Uma questão que atormenta a espécie gira em torno de até quanto, afinal, se pode esticar a existência. Um estudo recente, publicado na revista Nature Communications, indica que a vida humana alcança 150 anos — a francesa Jeanne Calment, que morreu aos 122, em 1997, é até agora dona do recorde. Outra corrente sugere que o número tende a ser bem mais generoso. “Na teoria, sabemos que é cientificamente possível retardar em boa medida o envelhecimento”, observa o biólogo Magalhães.

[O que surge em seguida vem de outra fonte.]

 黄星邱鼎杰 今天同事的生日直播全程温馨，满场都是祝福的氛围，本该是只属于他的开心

Um olhar sobre a história mostra que o Homo sapiens vem sempre encontrando maneiras de driblar o relógio. Na Renascença, quem completava 30 anos podia se dar por satisfeito. Mas aí vieram marcos civilizatórios, como o saneamento básico, a produção de alimentos em escala, o desenvolvimento de vacinas e remédios — e assim a expectativa de vida quase quintuplicou em quatro séculos. A média atual é de 72,8 anos, e subindo. Atualmente, 1 bilhão de moradores da Terra têm mais de 60 anos, multidão prevista para dobrar até 2050. “A fatia que mais cresce é a que passou dos 80, uma novidade para a qual devemos atentar”, pontua o demógrafo José Eustáquio Diniz Alves.

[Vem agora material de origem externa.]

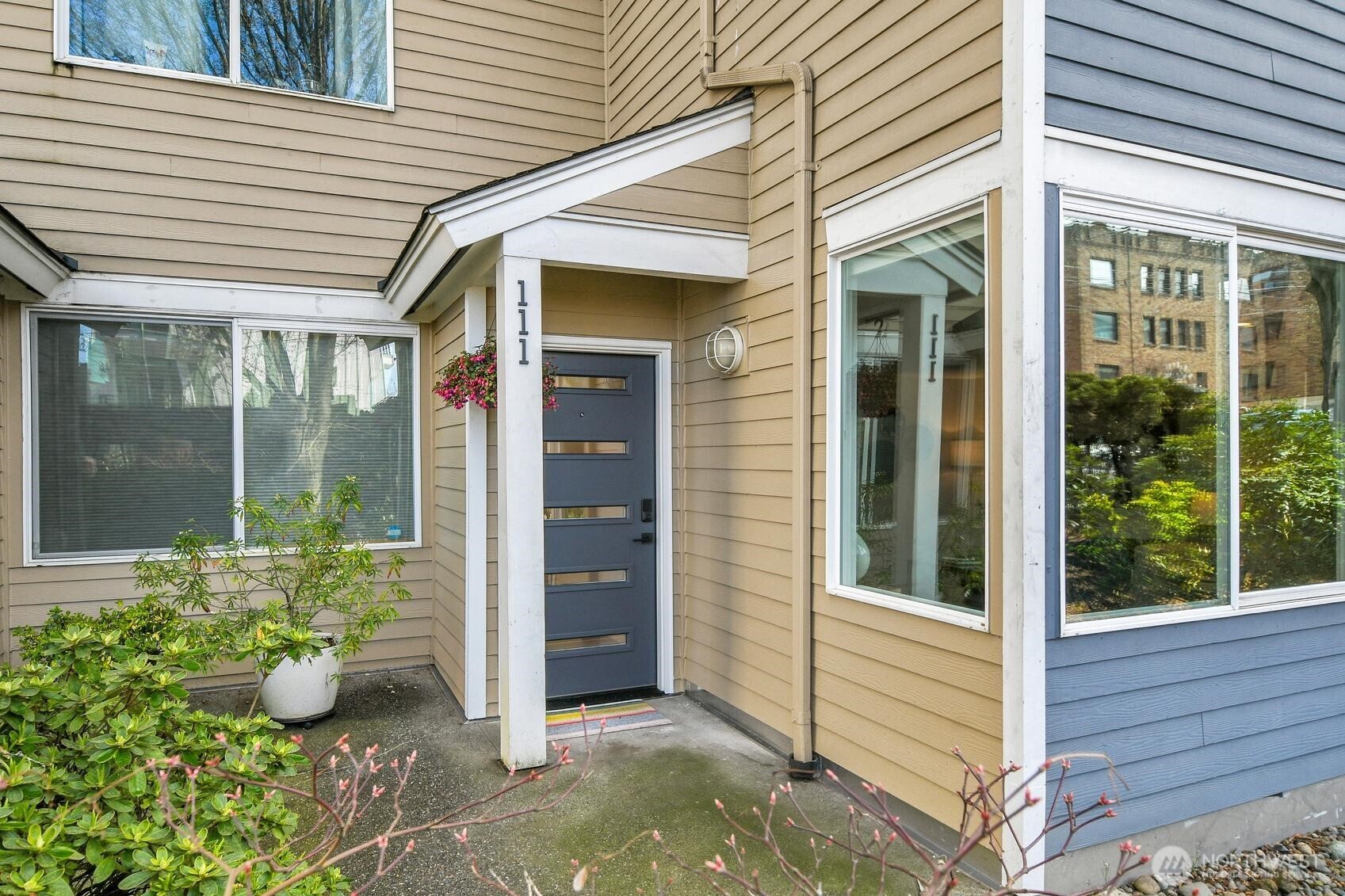 2350 10th Avenue E 111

A adaptação a um cenário com menos jovens é objeto de debate e políticas públicas, sobretudo na porção mais desenvolvida do globo, que encabeçou a chamada transição demográfica. Ela traz uma realidade em que há menos braços ativos do que crianças e velhos, equação que começa a afetar o Brasil, com um nó adicional: enquanto países desenvolvidos acumularam riqueza antes do envelhecimento de sua pirâmide etária, os brasileiros marcham rumo à mesma situação sem ter atingido um elevado grau de bem-estar. Significa um peso sobre os sistemas previdenciário e de saúde e coloca à mesa a necessidade de fazer mais com menos gente e prolongar a permanência das pessoas no mercado. Para tal, é preciso haver incentivos — no Japão, quase 15% dos trabalhadores já sopraram setenta velinhas, ou mais. “Se pudesse ser contratada, ainda estaria na ativa. Minha independência é meu bem maior”, diz a professora aposentada Hilda Silveira, 83 anos. Bem resolvida com a idade que tem, ela não se vê alvo de preconceito, como outros de sua faixa, e faz coro com as palavras de Sêneca (4 a.C.-65 d.C.), o estoico (e influente) filósofo romano: “Apreciemos e amemos a velhice, pois é cheia de prazer se soubermos como usá-la”.